La marejada independentista en Cataluña, desbordando los cauces de la Constitución y el Estatut, y el ascenso de Vox han sido causa y efecto de esta última crisis que padece la concordia, sin que a estas alturas se distinga lo uno de lo otro. Claro que un país puede prescindir de la moderación hasta partirse en dos o más. Pero todo indica que la gente, incluso la que se enerva en defensa de su tribu, prefiere la moderación a la batalla permanente. Lograrla en el ámbito político no es nada difícil. Basta con que los adversarios a los que se refería Sémper se critiquen mutuamente por sus actos y por sus propuestas, sin perderse en el juicio de intenciones.
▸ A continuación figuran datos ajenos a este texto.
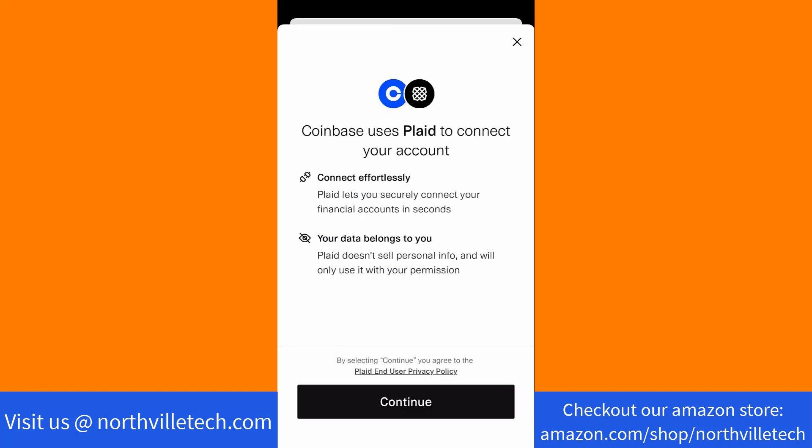Coinbase uses Plaid to connect your account. To proceed, tap on Continue.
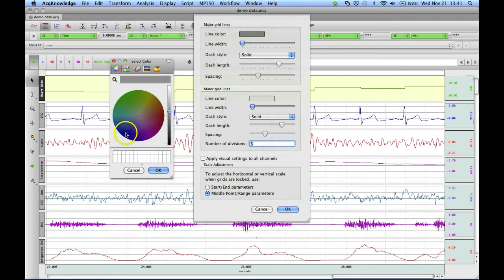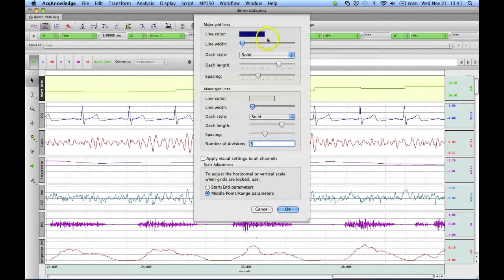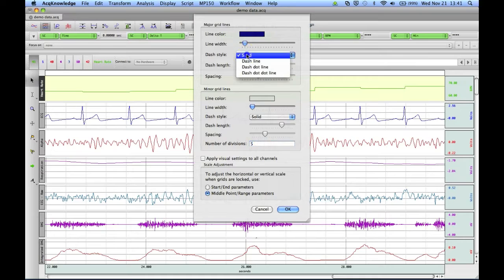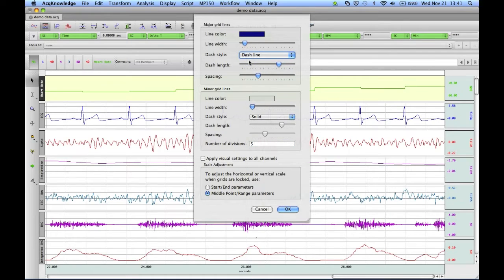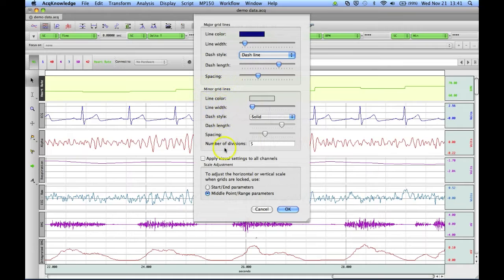For example, I could instead make our grid lines blue and thicker, and we could turn them to dashed lines. And we could also do this for the minor grid lines if we would like.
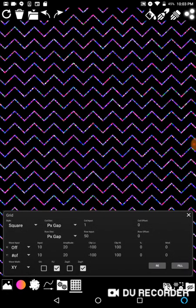Now we can start combining these effects. There are like 20 different settings and you can combine all of them, so you can just go to town with this.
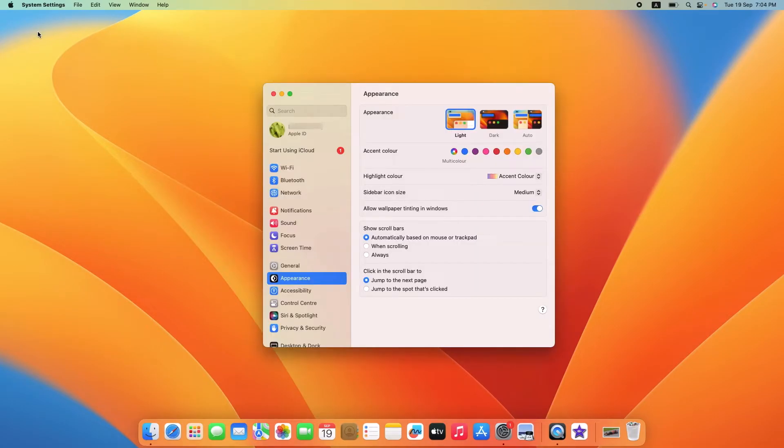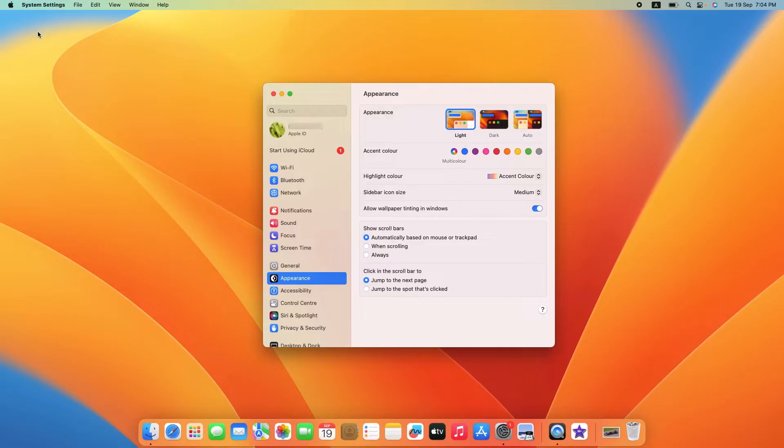By the way, I'm using Ventura, which is currently the latest version of Mac OS. If you are using an older version of Mac, then the interface might be a bit different.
Las decisiones iniciales del Gobierno de coalición PSOE-Unidas Podemos y la literalidad del programa suscrito por Sánchez e Iglesias ofrece tantos flancos para oponerse, que el PP no tendría que desgañitarse para señalarlos. Del mismo modo que parece exagerado que el nuevo Ejecutivo se atrinchere en la dialéctica con la cara más bronca de las derechas, confiando la legislatura a una confrontación con la que -como todo Gobierno en minoría- trate de olvidar su exigüidad parlamentaria. Sí, porque la inmoderación puede estar en todas partes. Incluso en la ‘desjudicialización’ de la crisis catalana, si ello cuestiona a bulto la actuación precedente de las instancias judiciales; en las apelaciones al diálogo, si éste no se atiene a los mínimos de la transparencia que exigía la ‘nueva política’ y orilla a los discrepantes; y en la pretendida búsqueda de soluciones imaginativas al conflicto, cuando las salidas que se dibujan dejan atrás lo bueno en mano a cambio de eso mejor que resulta intangible.